The winner of this year’s prestigious Jarman Award is to be announced on 5 November. Launched four years ago in 2008, the Film London Jarman Award supports and applauds artists working with moving image and whose work avoids conventional definitions. Inspired by avant-garde flimmaker, Derek Jarman, the nominated artists are: Brad Butler & Karen Mirza, Marcus Coates, Shezad Dawood, Benedict Drew, Nathaniel Mellors, James Richards, Ben Rivers, Aura Satz, Matt Stokes and Thomson & Craighead. Aesthetica takes a moment to interview James Richards, an artist with many occupations, spending his time producing film, sculpture and setting up public film screenings. He graduated from the Chelsea School of Art and has hosted solo shows in the UK and in Istanbul, he discusses the work he will be presenting as part of this year’s Jarman Award Touring programme and the importance of the production of film in art.
A: What is it that attracted you to producing art using video?

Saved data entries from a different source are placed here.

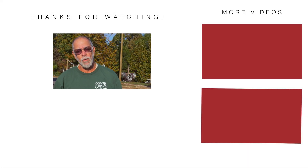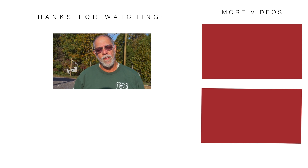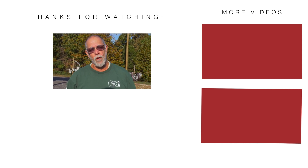This is Randy from Elite Lineman Training School. I'd like to thank you for watching our video. And if you really like it and enjoy it, please hit the subscribe button down below and join us. Thank you. Have a great day.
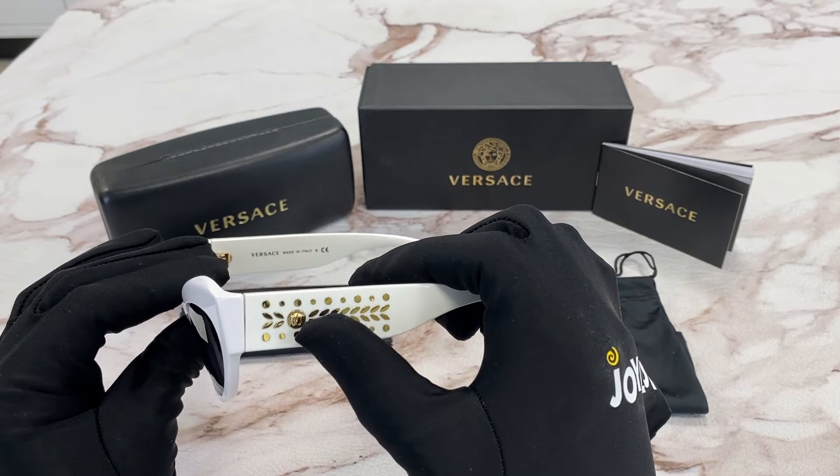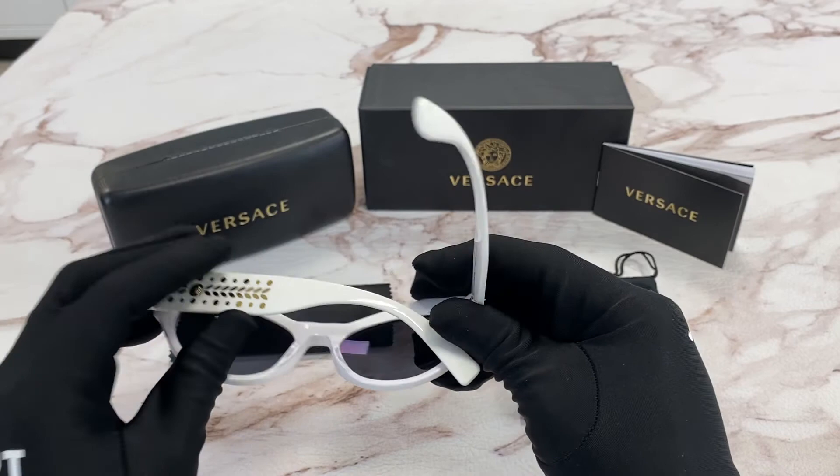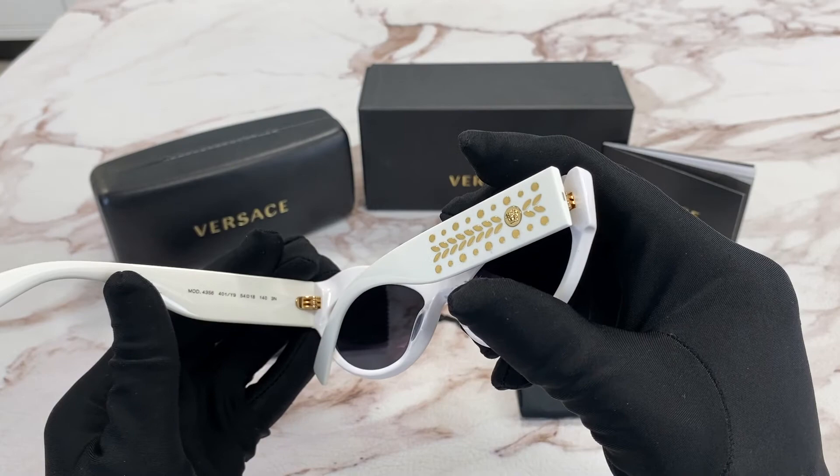On the temple, you'll see the Medusa head in gold along with leaf light gold detail, and it is made in Italy. It has a size of 54 for the lens, 18 for the bridge, and 140 for the temple.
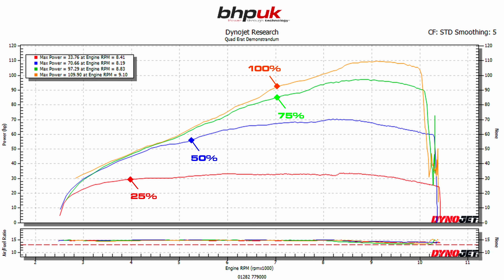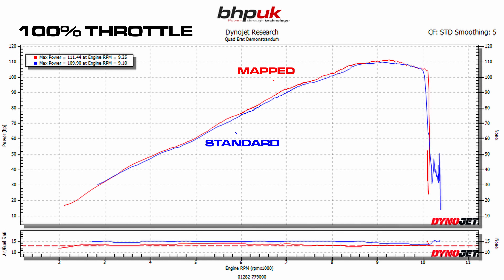When we ran the 890 on the dyno we found that it was really lean everywhere. Most Euro 5 bikes are lean up to about 80%, but the 890 was lean throughout the entire rev range, even at 100%. From the power plot there wasn't actually a huge amount of power to be gained, however we did get the fueling right so the bike should run a little bit better. As with most Euro 5 bikes, the biggest gains are made at very low throttle openings, and the 890 is no exception.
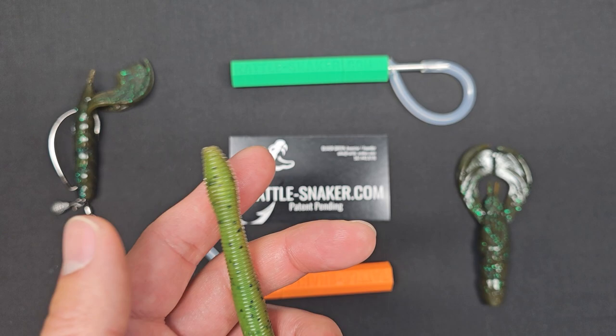Anyway, you guys can check these out at rattle-snaker.com. You can use the code RARFISH during checkout to get yourself a little discount. The fish don't wait — get your Rattlesnaker, modify your lures, and go slay them.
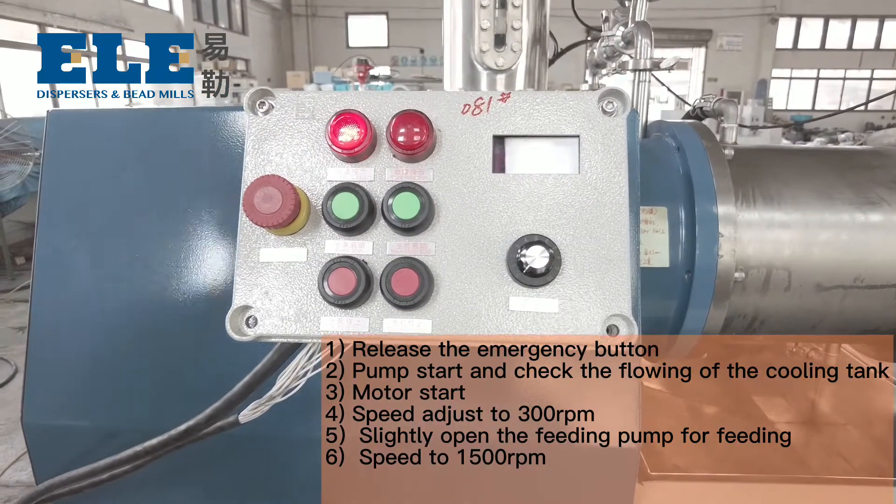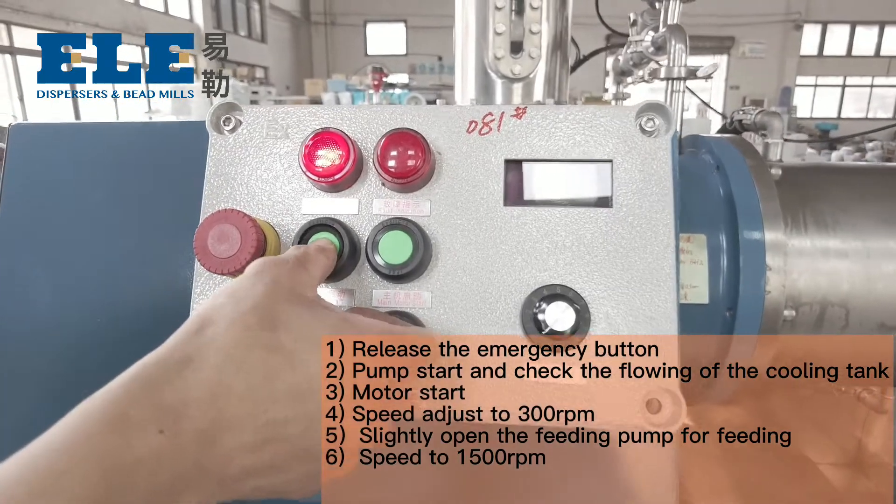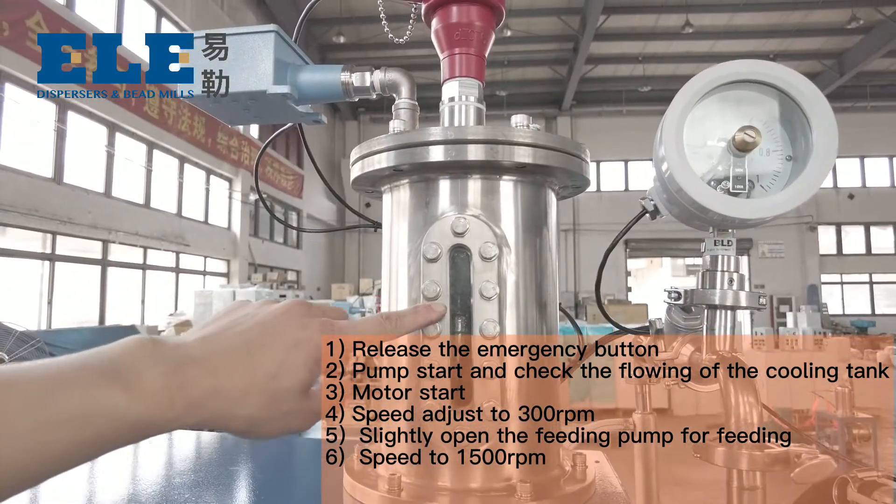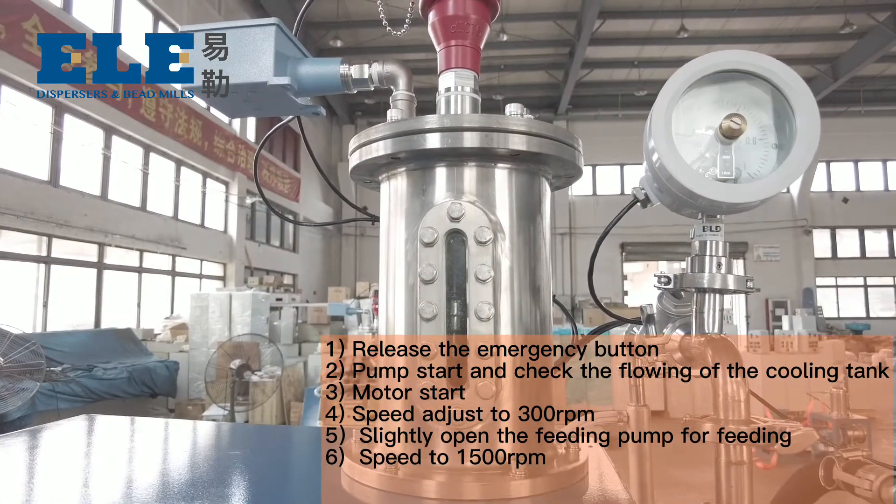Start the machine. Release the emergency button. Pump start, and check the flow of the cooling tank — make sure it is flowing.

JR: I really wanted to work with time, to make things that would take me on a journey of different sensations in the gallery. What would it be like to stand next to a sound in a gallery? Or to experience a film that was playing before you enter the room and that will continue when you leave? I’m also keen to work with the materials I found around me – the things in my life -and the audiovisual combination is such an important thing in our culture.
A: You also work with sculpture, do you feel like the two slot together?

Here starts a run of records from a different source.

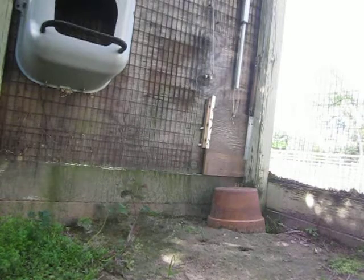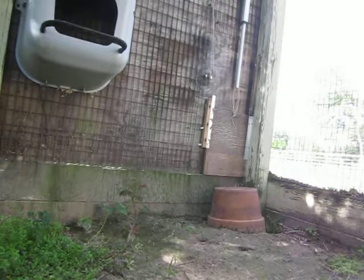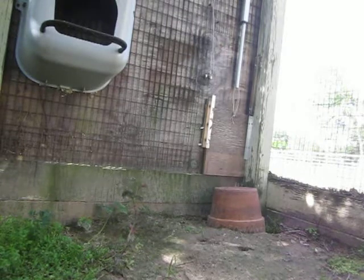Hey YouTube fans, sorry for the wind noise. Zookeeper here again. I got my linear actuator chicken coop door installed and working perfectly.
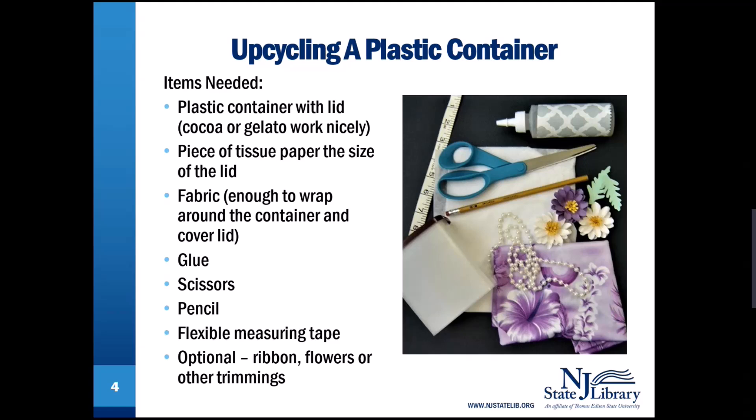A flexible measuring tape. And optionally, some ribbons, flowers, or any other trimmings you might think to use.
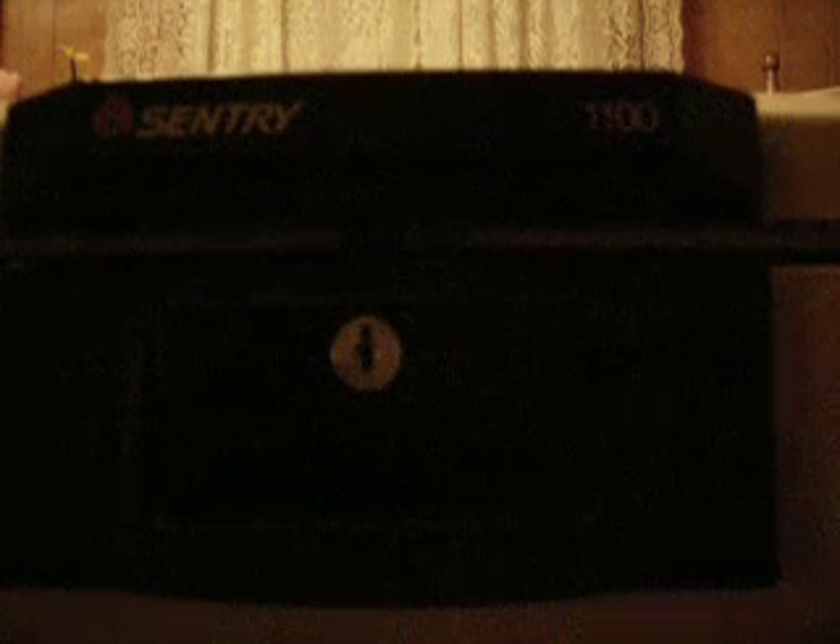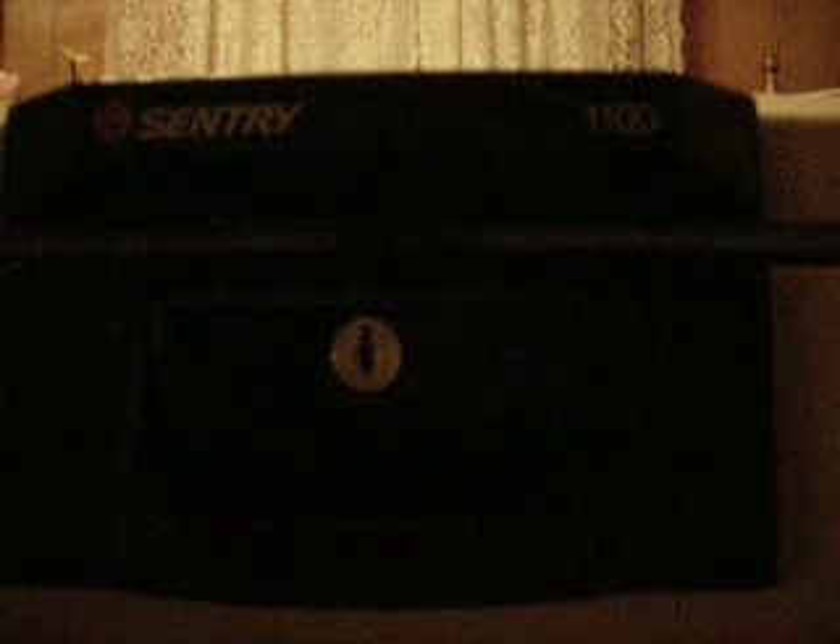And then — like in my other video — I get it in about two seconds. There you go, just like that. Thanks for watching. That's how to pick the Century 1100 series fireproof lockbox. Watch for more videos.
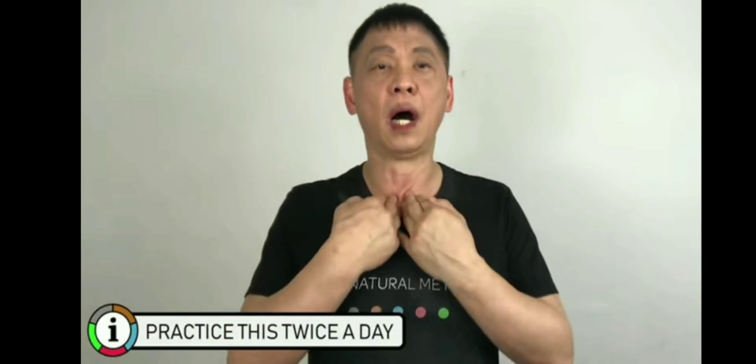Breathe in and hold it for five seconds. One, two, three, four, five. And out. One more time. Breathe in. One, two, three, four, five. Out.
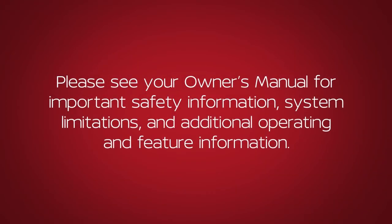Please see your Owner's Manual for important safety information, system limitations, and additional operating and feature information.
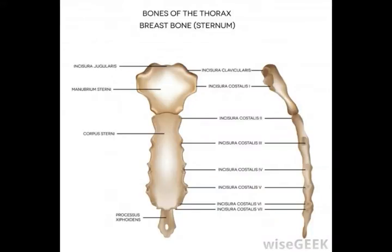The xiphoid process is a small triangular protrusion in the skeleton of most vertebrates that extends down from the sternum in the center of the ribcage. In babies and young children it is typically made of flexible cartilage, but typically calcifies into bone by early adulthood.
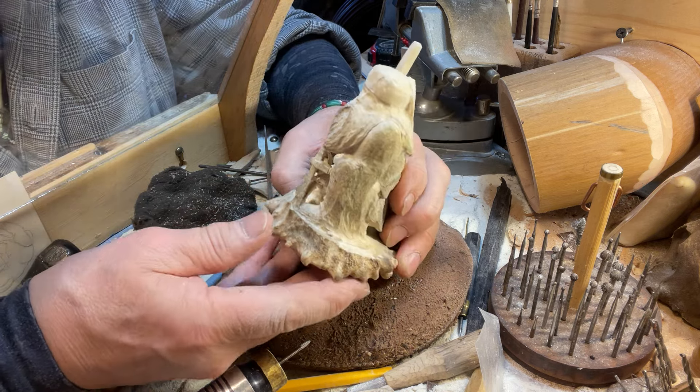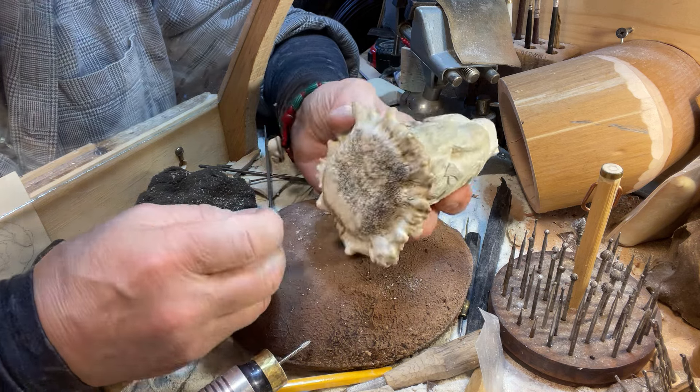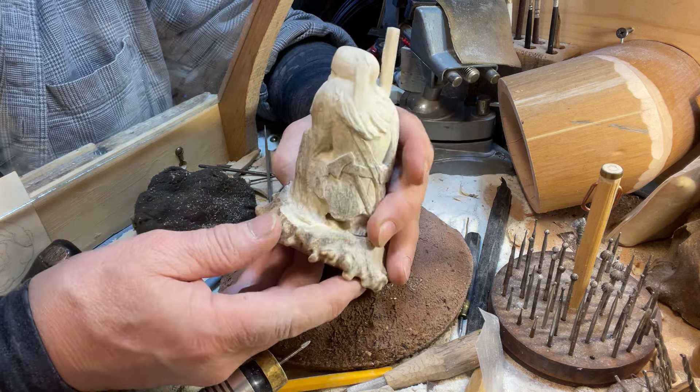This is a base of a moose antler. It's a shed, which is nice because it was a volunteer.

JR: Indeed they do – the gallery for me is still about objects – about the phisical encounter with work – even if that work is a projection or a screen. Working with sculpture, or simply working with the environment of the gallery itself as well as the video, I’m able to really create viewing scenarios – for myself and the gallery visitors. It’s about using the gallery to sculpt what the visitor see’s – but also to frame how it’s seen.

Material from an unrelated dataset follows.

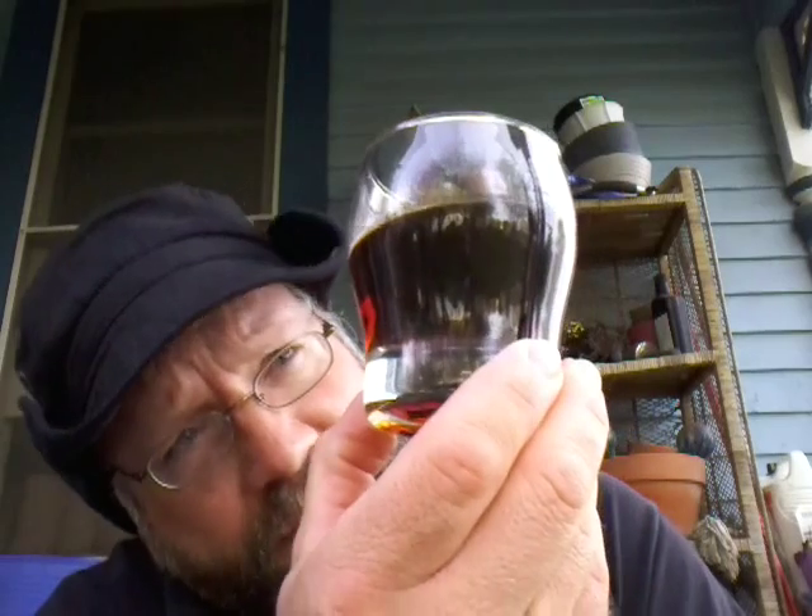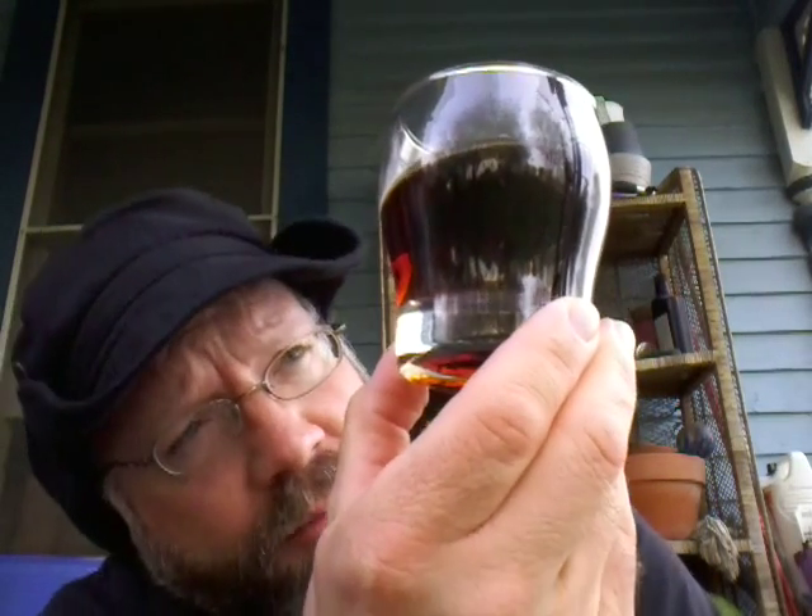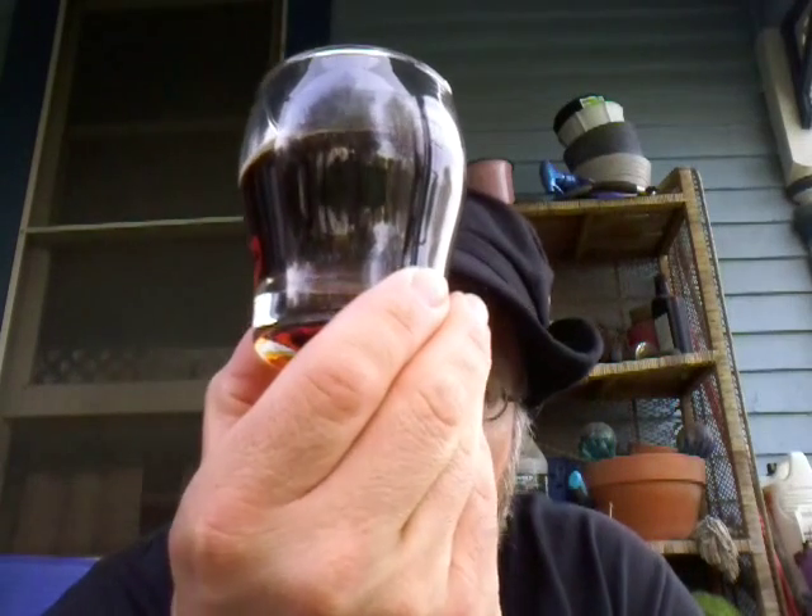It is a nice, deep, dark caramel. I would say dark brown, but it's not. It's more of a dark caramel with a reddish hue to it.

A: Can you explain the short film you submitted for the Jarman Award Touring Programme.
JR: The work is a collage of materials brought together for emotional visual beauty, it’s about what happens when disparate things are laid aside – to make harmonies and dissonance’s in the mind. For The Jarman Award i’m presenting, Looking So Hard At Something It Distorts Or Becomes Obscured. (Not Blacking Out, Just Turning The Lights Off ), a single-channel video that maps a space between intimacy, desire and physical proximity – between the arbitrary and the erotic. It presents images and sounds that that are surrogates for the liquidity or porosity of the body, of oblivion and of being inside and outside, Looking So Hard At Something… slips between the sensual image and its screened digital abstraction.
A: If you were to win the Jarman award, what would the £10,000 prize money go towards?
JR: The first thing I would buy is a new laptop! Mine’s been on the brink of total breakdown for ages. I would also be able to spend more time on research – on watching work at archives and going to use specialist image processing equipment.
A: You organize film screenings, how important do you think it is for the general public to be able to access art in film?
JR:Video art is something that has to be activated – you can’t pass around a photograph of a video, it has to be experienced in time. So, the decisions on what to show, and what to show before or after – the sequencing of playlists if you like, is something that I love to do. The history of video art is also something that needs to be re-activated and re-discovered by every new generation, there’s just so much wonderful work I feel a responsibility to get it seen!
Jarman Award 2012, A UK touring programme showcasing works by the 10 shortlisted artists will take place from 12 September to 3 November at venues across the UK, including FACT, Liverpool , CCA, Glasgow and CIRCA Projects Newcastle . The tour will culminate in a special event at London’s Whitechapel Gallery on Saturday 3 November.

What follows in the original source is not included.